Plus, there were White House surrogates like Bruce Riedel, former CIA analyst and “counterterrorism adviser to several former presidents” with a ready and timely quote for all the major media, making the nomination as close to a “well, duh” as he could get without going overboard.
“The management structure and good old boy networks are going to be a little upset, but I don’t see that as a bad thing,” says Riedel, a Daily Beast contributor. “Petraeus brings some very unique insights and skills to this job, which makes him a quite exceptional choice.”
That it doesn’t dawn on anyone except for the most stalwart war critics to ask whether Petraeus even deserves these demanding and prestigious posts is the real horror here. Petraeus has been particularly brilliant at “turning around” skeptical members of congress on the trajectory of Iraq, and now Afghanistan, but his “turning around” of the wars—especially as chief crusader and promoter of modern COIN (counterinsurgency)—should be a matter of serious debate (has anyone even checked in with Iraq lately?). But it’s not.
Instead, “victory” is redefined with Newspeak by the message-framers among the national security elite, and let’s face it, political correctness is on the general’s side.
That is why it is particularly frustrating when someone like Vietnam veteran and former Assistant Secretary of Defense Bing West, who wrote an entire book about the failure of COIN in Afghanistan, responds to Petraeus’ nomination like every other dull acolyte:
The new nominees for secretary of defense and director of the CIA are excellent, non-political choices. General Petraeus has served our country for six years in hard top slots. Now he has again answered the call to duty. The operational side on the CIA will, of course, find him a pleasure to work with; the analytical side will be severely challenged—for the better. Petraeus will bring a commander’s eye to intelligence products. This will force the analysts to be more focused upon practicalities, and to better anticipate what is asked of them.
First of all, why do the analysts have to be “severely challenged,” when it is they who offered the more sober and practical—and by all accounts, correct—assessments on Afghanistan and Pakistan, particularly in two (largely ignored) National Intelligence Estimates (NIE) last fall—while Petraeus has consistently engaged us for years in the same elaborate mummery in order to “sell” the Long War?
So, Mr.

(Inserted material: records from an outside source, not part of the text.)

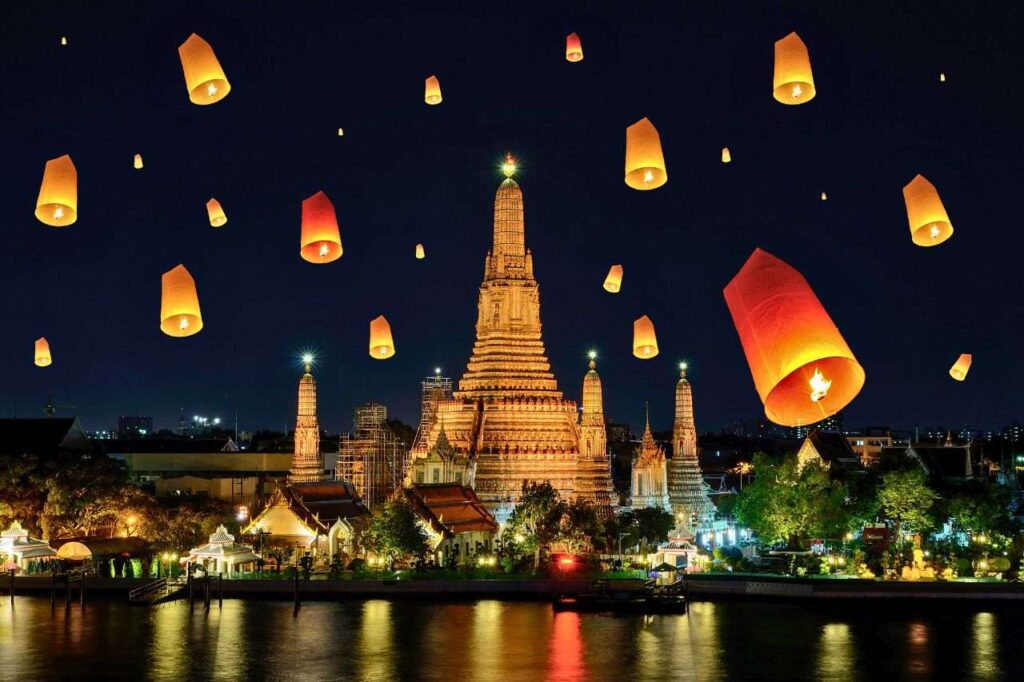 Forte reprise du tourisme en Thaïlande : 100 000 arrivées par jour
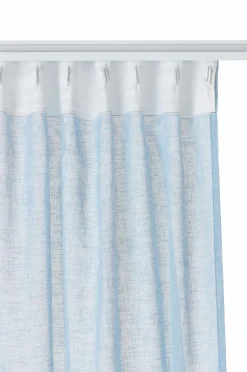 &Home Persienner|Gardinlængder Med Rynkebånd-Gardinlængde med multibånd Mila 2-pak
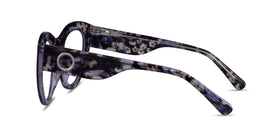 Angelica--Purple Floral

West, as former CIA analyst Ray McGovern would so succinctly ask, “Are we to expect that once Petraeus takes the helm at CIA, the career analysts will still be able to call the war in Afghanistan a fool’s errand? If the new CIA director insists on seeing progress—however ‘fragile and reversible’—will vulnerable analysts risk his wrath by contradicting him?”
But it is West’s willingness to ignore Petraeus’ culpability in the fiasco of COIN that is most curious. In a February Small Wars Journal interview, West makes several charges against COIN, which was rolled out in Afghanistan in 2009 by the general’s compatriot, Gen. McChrystal, and heavily promoted by a smug pack of “warrior-intellectuals” otherwise known as the “Ph.D. Posse.”
“New COIN,” West dismissively declares, “remains an unproven theory” and “a “franchise business.”
Since Petraeus is most closely associated with that franchise (Petraeus himself spent much of 2009 selling it), and only became less wed to it after McChrystal was fired in 2010 and people like West throughout the military began to complain that their “hands were tied” against the Taliban, one would think he would—should—be the first to answer for it. But he won’t. Instead, he gets a cabinet position.
But what does this all mean to the rest of us? Well, as more astute critics have predicted and only a traveler from the future could really know, it likely means more drones, more war, and a dramatically, yet slowly sinking ship on which Gen. Petraeus is merely a highly decorated, ever-smiling, deck chair.
But at least, for now, he rides on.
NOTES IN THE MARGIN
This is my 101st column since I began writing for Antiwar.com in April 2009. I’d like to thank Eric, Phil, Angela, Matt, Jeremy, Justin, Wendy, Scott, Jason and the rest of the staff for their enthusiasm and support, but more importantly, thank you for reading and for commenting every week. I’m proud to be a part of such an intensely dedicated group, and very much look forward to another 101!